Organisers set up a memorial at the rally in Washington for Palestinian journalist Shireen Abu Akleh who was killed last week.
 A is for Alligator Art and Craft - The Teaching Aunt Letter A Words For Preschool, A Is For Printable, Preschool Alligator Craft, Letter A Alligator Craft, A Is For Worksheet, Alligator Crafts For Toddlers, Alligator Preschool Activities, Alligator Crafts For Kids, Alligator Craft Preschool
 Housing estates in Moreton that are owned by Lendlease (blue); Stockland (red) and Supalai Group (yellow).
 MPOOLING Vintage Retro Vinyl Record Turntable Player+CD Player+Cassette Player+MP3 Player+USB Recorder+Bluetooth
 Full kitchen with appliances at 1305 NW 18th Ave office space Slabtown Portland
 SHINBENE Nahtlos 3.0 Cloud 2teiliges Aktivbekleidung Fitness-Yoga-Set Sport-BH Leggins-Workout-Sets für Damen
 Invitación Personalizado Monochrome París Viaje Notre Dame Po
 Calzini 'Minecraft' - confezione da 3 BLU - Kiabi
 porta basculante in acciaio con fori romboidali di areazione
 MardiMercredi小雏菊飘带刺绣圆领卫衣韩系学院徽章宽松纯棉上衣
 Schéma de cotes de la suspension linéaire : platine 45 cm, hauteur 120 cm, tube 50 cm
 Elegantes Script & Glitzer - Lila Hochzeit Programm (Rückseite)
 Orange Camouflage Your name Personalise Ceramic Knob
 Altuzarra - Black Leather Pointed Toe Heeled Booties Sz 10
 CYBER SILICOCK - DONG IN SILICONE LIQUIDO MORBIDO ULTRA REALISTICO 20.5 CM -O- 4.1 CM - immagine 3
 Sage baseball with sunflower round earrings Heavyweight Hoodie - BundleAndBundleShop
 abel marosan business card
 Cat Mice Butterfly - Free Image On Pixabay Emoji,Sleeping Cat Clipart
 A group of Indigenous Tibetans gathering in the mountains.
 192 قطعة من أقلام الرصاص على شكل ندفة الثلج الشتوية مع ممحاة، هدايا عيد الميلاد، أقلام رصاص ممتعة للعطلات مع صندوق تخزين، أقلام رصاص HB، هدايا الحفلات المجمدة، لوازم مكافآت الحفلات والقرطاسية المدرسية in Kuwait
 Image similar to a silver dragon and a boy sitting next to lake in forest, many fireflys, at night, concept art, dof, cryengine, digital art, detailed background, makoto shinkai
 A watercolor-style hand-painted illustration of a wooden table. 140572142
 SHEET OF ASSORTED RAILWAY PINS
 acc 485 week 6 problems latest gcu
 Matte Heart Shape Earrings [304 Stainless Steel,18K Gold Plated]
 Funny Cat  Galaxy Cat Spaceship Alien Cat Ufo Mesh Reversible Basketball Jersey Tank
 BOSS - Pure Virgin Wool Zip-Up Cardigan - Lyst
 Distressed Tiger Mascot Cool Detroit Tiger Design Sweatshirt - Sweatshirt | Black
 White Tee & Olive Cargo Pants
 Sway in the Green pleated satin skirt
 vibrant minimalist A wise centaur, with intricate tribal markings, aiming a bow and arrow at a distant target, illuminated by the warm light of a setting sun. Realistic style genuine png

EXERCISE:
Copy all lines of the records in which the string "week" can be found.

SOLUTION TO THIS TASK:
Organisers set up a memorial at the rally in Washington for Palestinian journalist Shireen Abu Akleh who was killed last week.
 acc 485 week 6 problems latest gcu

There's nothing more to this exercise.